И это правда. Но, к счастью или несчастью, только одна сторона правды. Человек - ящик Пандоры. Как и толпа. Как и народ. Отдельный непонятен, не известен другим, а даже и самому себе. Отдельные не делятся строго на две части: слева умники, справа глупцы. Человек закрыт даже сам для себя, и только особые обстоятельства его открывают. Анна Каренина открылась в своих страстях, о которых она даже не подозревала. Некогда ей было глубокомысленно разговаривать, да и с кем? С Вронским, которого сам Толстой называет жеребцом в мундире? Анна бросилась в море страсти, и писатель, суровый по отношению к другим, особенно женщинам, ее в нем утопил. Жестоко и безобразно. Впрочем, он и не искал умную женщину, он не искал ум в женщине, он не искал ум в другом, кроме себя. Впрочем, он сам был, кажется, не очень умен. Достаточно прочитать его статьи о религии, смысле жизни, морали и культуре. Он не любил театр и музыку и не слышал их. Пересказывая оперу Вагнера, которую он слушал (или видел) в театре, он словно рассказывает глупый и пошлый анекдот. Правда, он любил слушать цыганский хор, любил Варю Панину. И это показывает его народность (не любовь к аметистовой певице, а нелюбовь к другой, более сложной музыке). О чем бы, например, стал бы я сам с ним разговаривать? О бабах? Как вспоминает о разговорах с ним умный Вернадский.
Правда, в воспоминаниях современников и Тургенев и Достоевский предстают скучными и не слишком умными… К счастью, это только часть правды.
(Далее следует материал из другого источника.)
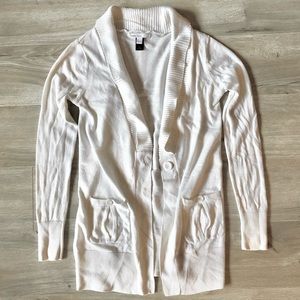 🐮2/$15 Mango Cardigan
С большинством своих собственных собеседников я тоже скучен и не интересен, как и каждый из нас, даже самый умный.
В воспоминаниях жены академика Павлова, относящихся к семидесятым годам 19-го века, когда она была невестой тогда еще начинающего ученого и училась на Бестужевских курсах, и Тургенев и Достоевский предстают совершенно в другом свете. Очаровательная и умная девушка устраивала для своих подруг литературные вечера и приглашала на них знаменитых писателей. Они приходили. И сияли умом, образованностью, тактом, вдохновением! Это были лучшие мгновения моей жизни, восхищенно резюмирует мемуаристка.
Так, может быть, и неписатели не так уж глупы и не так уж серединны, как нам кажется? И девушки умеют не только краснеть, бледнеть, склонять головку и потуплять глазки, но вести даже и философские разговоры?